**INFORMATION SUPPLIED**
- - - - - - -

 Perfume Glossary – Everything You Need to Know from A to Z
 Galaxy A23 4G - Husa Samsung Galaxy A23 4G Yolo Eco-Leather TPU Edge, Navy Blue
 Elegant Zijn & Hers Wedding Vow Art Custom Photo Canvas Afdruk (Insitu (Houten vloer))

- - - - - - -

**WORK TO BE COMPLETED**
Write out the material from the first line to the last, exactly.

**SOLVED PROBLEM**
 Perfume Glossary – Everything You Need to Know from A to Z
 Galaxy A23 4G - Husa Samsung Galaxy A23 4G Yolo Eco-Leather TPU Edge, Navy Blue
 Elegant Zijn & Hers Wedding Vow Art Custom Photo Canvas Afdruk (Insitu (Houten vloer))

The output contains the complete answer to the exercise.